船長の釈放

尖閣諸島の近くで海上保安庁の船にぶつかって捕まった中国の漁船の船長が釈放されて、大騒ぎですね。

私は久しぶりに感心しました。菅政権、なかなかやるな、と頼もしくなりました。

沖縄の地検は、今回の決定は地検の判断だ、と言っていますが、もちろん政府が関与していないはずはありません。しかし同時に政府が関与していた、というわけにも行きません。地検独自の判断で釈放した、という形を取って、そんなことは誰も信じないにしてもとりあえず建前上そうするのがベストの戦略だったと思います。

日本では総すかんですね。小沢さんのグループはここぞとばかり菅さんを攻め立てようとしています。石原慎太郎さんは例によって口先ばかりの威勢のいいことを言っています。マスコミも同じように菅さんの弱腰を責めています。

でも、皆、自衛隊の戦艦を尖閣諸島の周辺に集めて中国と一戦に及ぶ、とか、アメリカに頼んで中国と戦争してもらう、なんて覚悟があるんでしょうか。アメリカもこんなことで中国と戦争するつもりもないでしょうが。

中国としてもマスコミや過激派が大騒ぎを始めてしまって、ある程度まで格好をつけないとどうしようもない、ということのようです。

マスコミ等の論調では、日本は弱腰の政府に対して国会議員も世論ももっと強く出るように、と言ってばらばらなのに対して、中国は政府も国民も一体となって尖閣諸島を分捕ろうとしている、というような調子ですが、もちろんそんなことはありません。

中国でも一部デモをしたりネットで攻撃したり漁船を雇って尖閣諸島に乗り込もう、とする過激派もいますが、そんな金儲けに関係のないことには一切関心のない人や、儲けたお金で日本で山ほど買い物をしたい人も大勢います。中国ほど、国民が国のいうことを聞かない国もないかもしれません。皆、一時的な騒ぎが収まるのを待っているだけです。

日本でも中国でも、マスコミは建前上はジャーナリズムですが実態はセンセーショナリズムですから、過激派の報道は大歓迎です。

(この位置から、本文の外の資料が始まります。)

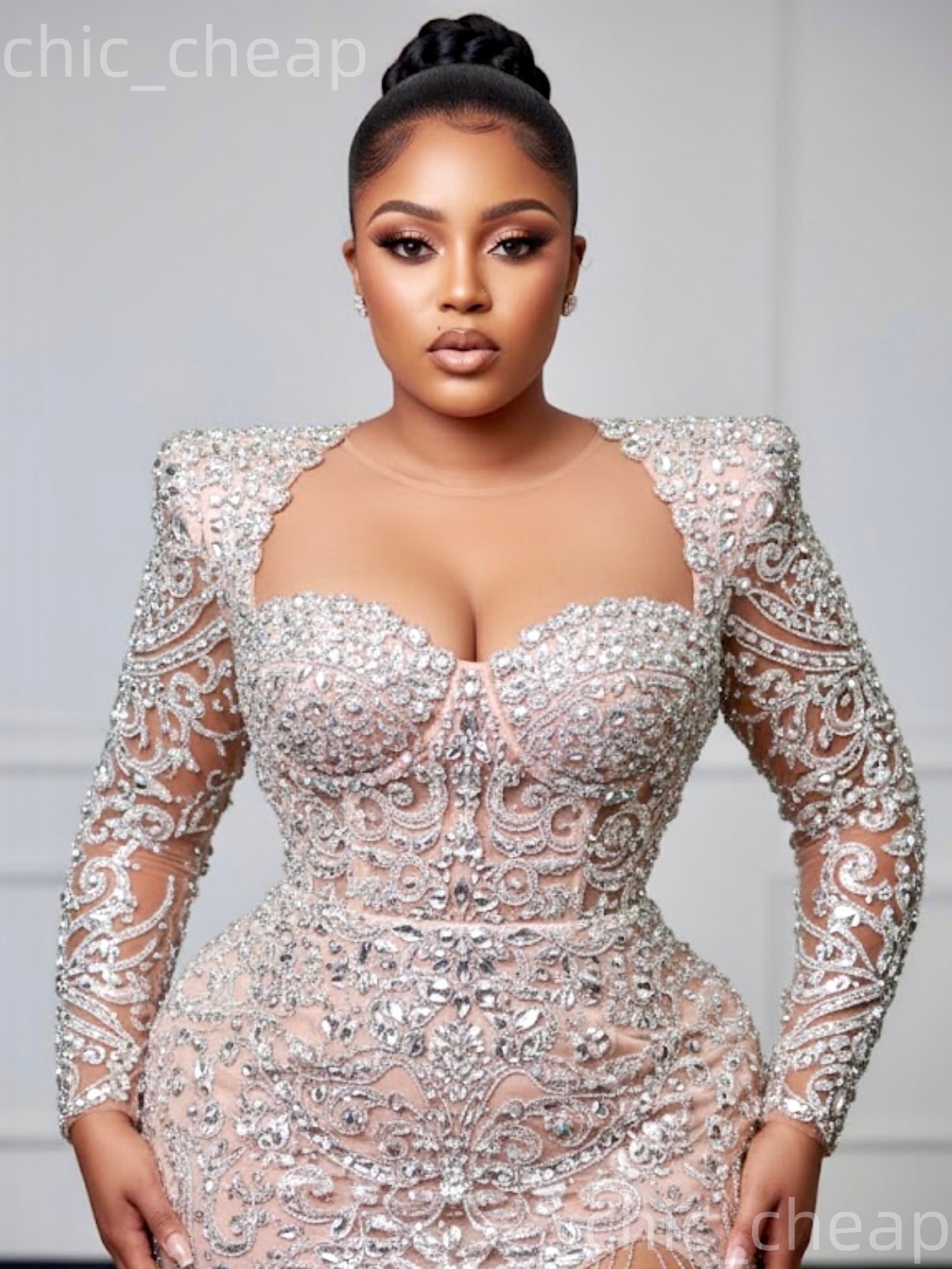 Chic Champagne Sheath 2026 Cocktail Dress Beaded Crystals Lace Illusion Short Mini Graduation Homecoming Dresses For Special Occasions Sweetheart Gown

国がそのセンセーショナリズムに乗っかって大騒ぎをしてもいいことはありません。昔の太平洋戦争への経過を見てみてもすぐにわかりそうなものですが。

中国も表面的には強硬姿勢ですが、何とか穏便に済ませたい、という姿勢ははっきり現れています。

日本と比べて中国のほうが若い国ですから(要するに高齢化が遅れている)、若い人が大騒ぎをしたがるのはある程度許容しなければならないんだろうと思います。でもそれに振り回されるのは賢明ではありません。

この騒ぎを見ても、やはり日本人は外交が苦手なんだな、と思います。